Suspension, front 43mm inverted cartridge fork adjustable for spring preload, compression and rebound damping
Suspension, rear single shock adjustable for spring preload, compression and rebound damping
Brake, front dual four-piston calipers, 320mm disc
Brake, rear single two-piston caliper, 245mm disc
Tire, front 120/70ZR17 Michelin Pilot Sport
Tire, rear 180/55ZR17 Michelin Pilot Sport
Corrected 1/4-mile* 10.74 sec. @ 126.05 mph
0-60 mph* 3.07 sec.
0-100 mph* 7.07 sec.
Top-gear roll-on, 60-80 mph* 4.39 sec.
Power to weight ratio** 6.41 lb/hp
Fuel mileage (low/high/average) 39/47/44
Cruising range (exc. reserve) 176 miles
Brembo four-pot calipers grip stainless discs with the help of braided lines. A titanium-nitride finish on the Showa fork reduces friction, but the real benefits stem from better internals.
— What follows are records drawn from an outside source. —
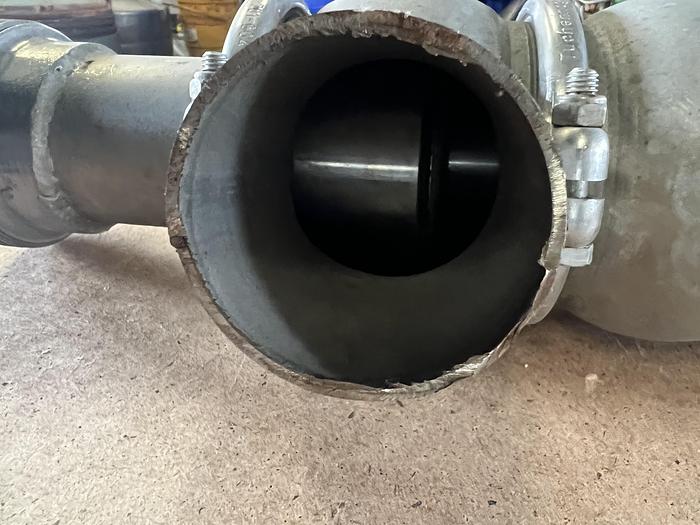 Used 1998 Tüchenhagen Process valve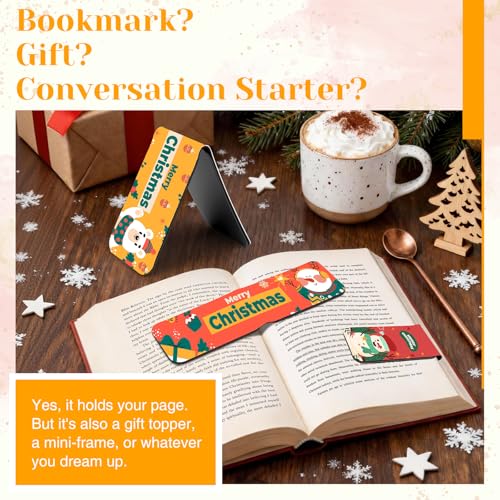 Sublimation Magnetic Bookmarks Blanks 7x2 Inch 30 PCS by Aulsetch - Image 7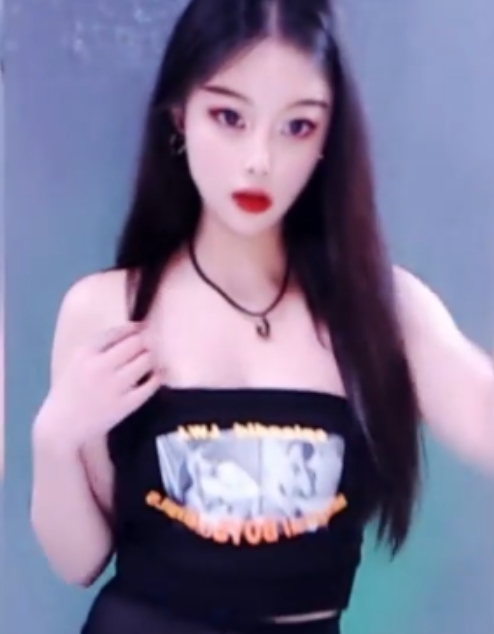 斗鱼直播皮卡欣儿火箭定制舞蹈14V-454M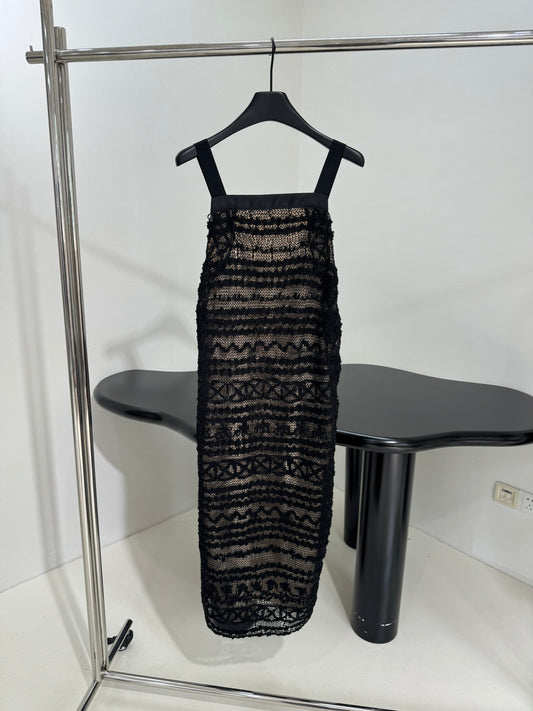 25 New Lace Suspender Dress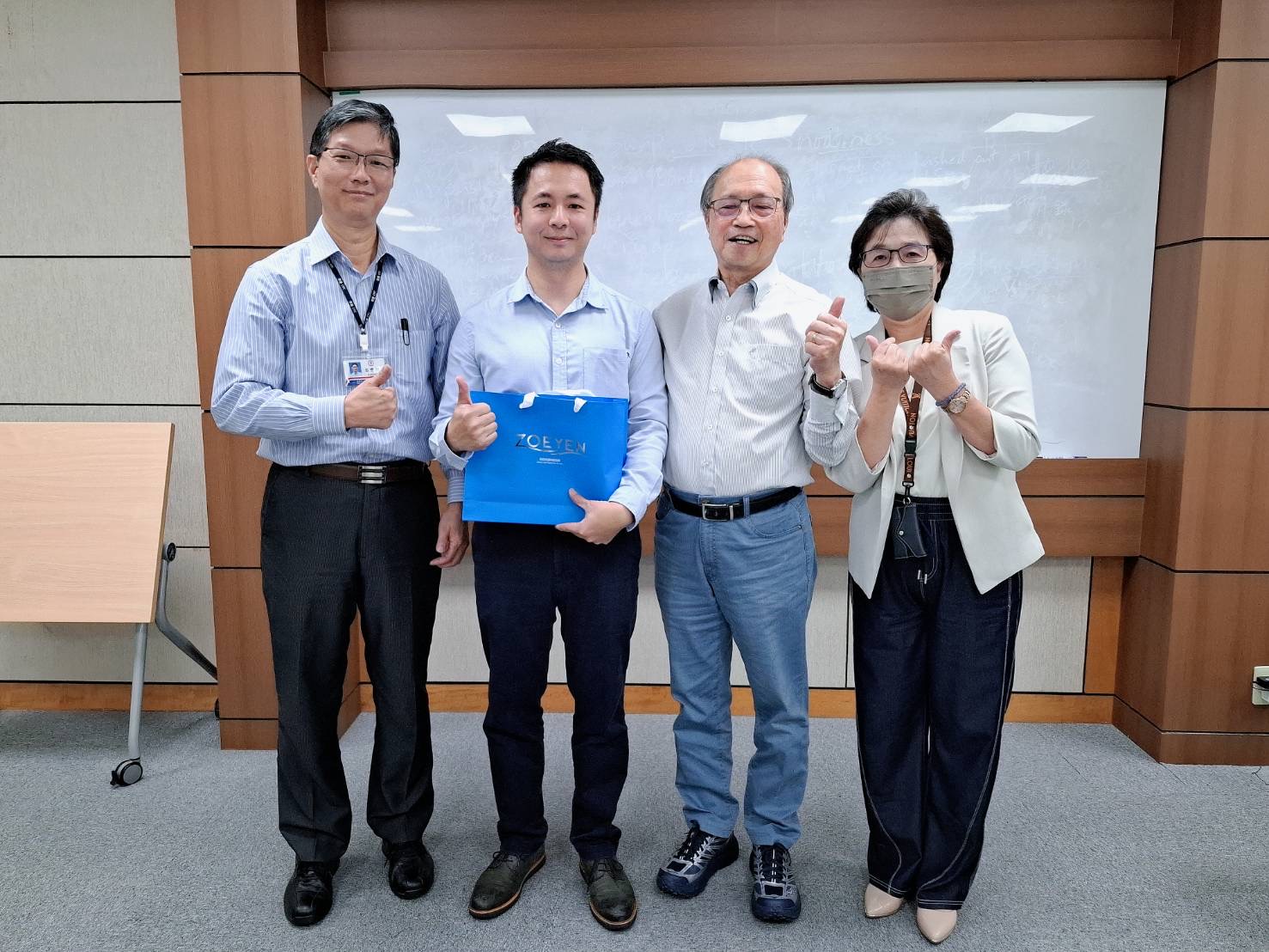 曾思遠受邀至台灣中油演講從對話到行動：LLM應用、Agentic AI與企業落地的關鍵挑戰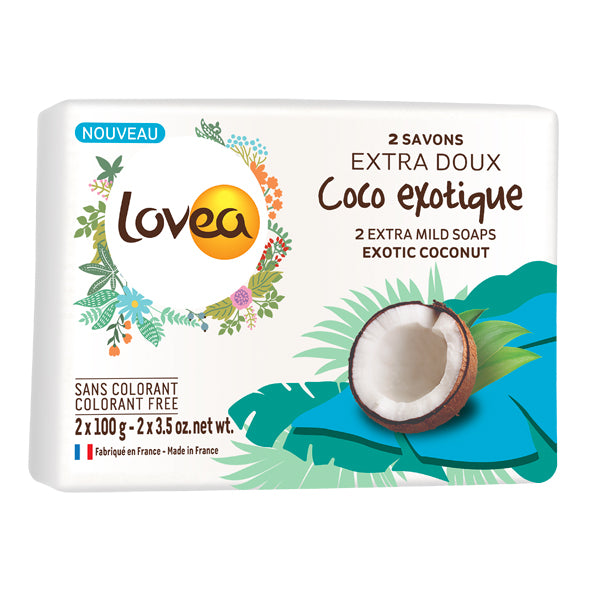 Extra-Mild Soap - Exotic Coconut
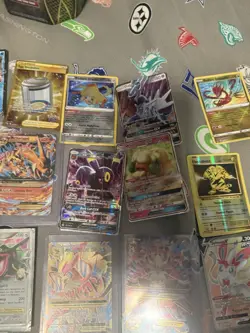 Pokemon cards some damaged majority decent quality + tin included - Image 3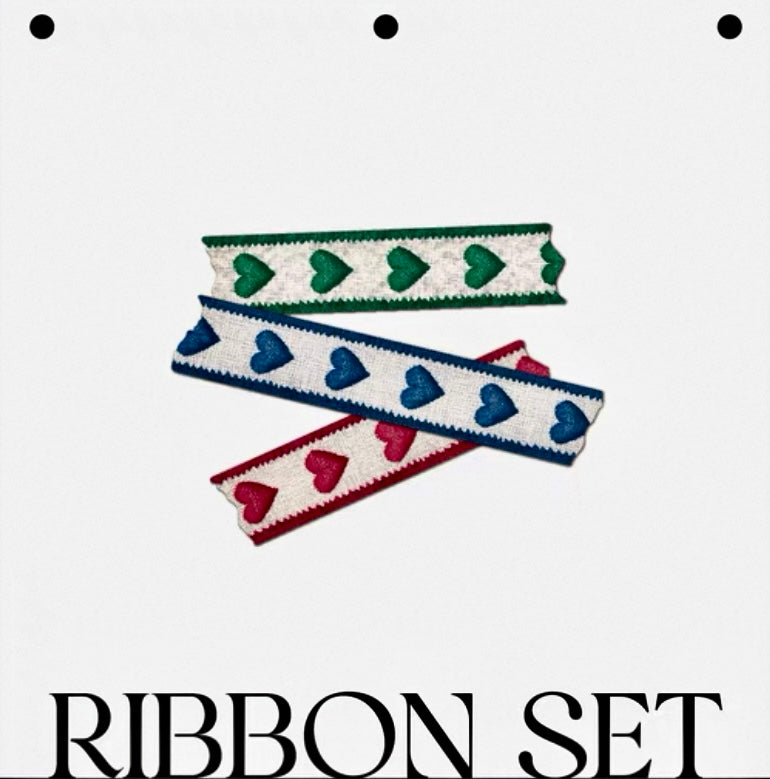 Life Tape -Ribbon Set | 3 Rolls Tape Set | NO Release Paper | 5M X 3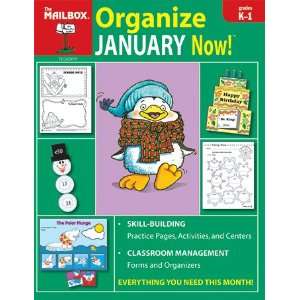  5 Pack THE MAILBOX BOOKS ORGANIZE JANUARY NOW K 1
Standard ST2/4 cast handlebar risers greet the ST4s pilot. We'd prefer a less-flat angle, but the ST4s' sportier ergonomics are perfectly in keeping with the bike's character. Accurate fuel gauge, clock and temperature displays are on the small LCD panel.
Top-notch Oehlins shock provides superior control, a generous range of adjustability and the convenience of remote preload manipulation. It would cost more than two-thirds of the ST4s' premium to put this shock on a regular ST4. Such a deal.